Cysteine- and glycine-functionalized mesoporous silica as adsorbents for removal of paracetamol from aqueous solution

Abstract

ABSTRACT The presence of pharmaceutical compounds in the environment is problem for human health worldwide. Paracetamol is one of the pharmaceutical compounds that is widely used as a pain reliever and fever reducer, and it has been discharged in water via industrial and domestic wastewater. This study aimed to improve the removal of paracetamol from aqueous solutions using two different amino-acid-modified mesoporous silica nanoparticles (MSNs). Two types of adsorbents were used: the surfaces of epoxy-modified MSNs were modified with glycine (MSN-Gly) and cysteine (MSN-Cys). Topographical images indicated that the size of fabricated nanoparticles ranged between 220 and 360 nm, with a pore size of ~5 nm.
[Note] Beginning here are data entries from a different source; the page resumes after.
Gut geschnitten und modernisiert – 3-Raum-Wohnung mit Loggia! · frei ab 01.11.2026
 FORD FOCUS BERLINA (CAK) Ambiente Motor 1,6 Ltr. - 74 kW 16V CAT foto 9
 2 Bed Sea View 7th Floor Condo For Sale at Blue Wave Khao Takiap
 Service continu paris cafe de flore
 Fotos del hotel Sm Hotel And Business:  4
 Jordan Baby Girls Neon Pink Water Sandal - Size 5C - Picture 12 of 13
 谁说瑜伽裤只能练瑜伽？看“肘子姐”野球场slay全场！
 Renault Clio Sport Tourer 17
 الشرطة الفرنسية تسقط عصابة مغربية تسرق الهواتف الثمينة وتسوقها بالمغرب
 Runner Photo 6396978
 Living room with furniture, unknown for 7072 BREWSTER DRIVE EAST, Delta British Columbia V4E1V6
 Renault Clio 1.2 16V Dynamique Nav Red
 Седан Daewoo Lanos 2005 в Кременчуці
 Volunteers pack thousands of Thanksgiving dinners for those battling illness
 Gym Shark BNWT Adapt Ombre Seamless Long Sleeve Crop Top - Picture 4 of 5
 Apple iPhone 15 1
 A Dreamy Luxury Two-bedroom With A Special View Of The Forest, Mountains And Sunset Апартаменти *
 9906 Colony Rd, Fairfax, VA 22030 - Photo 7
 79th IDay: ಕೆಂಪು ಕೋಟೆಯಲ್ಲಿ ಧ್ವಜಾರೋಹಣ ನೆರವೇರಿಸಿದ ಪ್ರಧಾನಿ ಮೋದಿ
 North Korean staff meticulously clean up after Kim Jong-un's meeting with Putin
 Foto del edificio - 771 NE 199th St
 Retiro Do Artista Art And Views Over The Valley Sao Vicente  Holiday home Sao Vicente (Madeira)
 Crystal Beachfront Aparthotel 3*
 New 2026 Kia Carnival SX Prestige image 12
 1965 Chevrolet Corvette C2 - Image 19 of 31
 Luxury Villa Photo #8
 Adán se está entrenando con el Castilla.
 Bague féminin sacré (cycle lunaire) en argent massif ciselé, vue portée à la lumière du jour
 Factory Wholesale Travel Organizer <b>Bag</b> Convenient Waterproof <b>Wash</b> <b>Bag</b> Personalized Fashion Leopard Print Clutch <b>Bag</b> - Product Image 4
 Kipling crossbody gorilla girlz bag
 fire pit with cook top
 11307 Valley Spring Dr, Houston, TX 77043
IR spectra confirmed the successful attachment of amino acids on MSN surfaces as a peak appeared at ~1720 cm−1, indicating a carbonyl group. A series of experiments were performed using the batch adsorption method to investigate the effects of contact time, initial concentration of the adsorbate, and pH on the removal of paracetamol from the aqueous solution. The adsorption capacity of paracetamol was higher in acidic media for both adsorbents. The maximum adsorbed amount of paracetamol was 300 mg/g for MSN-Gly compared with 250 mg/g for MSN-Cys. For both adsorbents and at all pH values, the experimental data were well matched with the pseudo-second order and the adsorption isotherm was fitted using a Temkin model.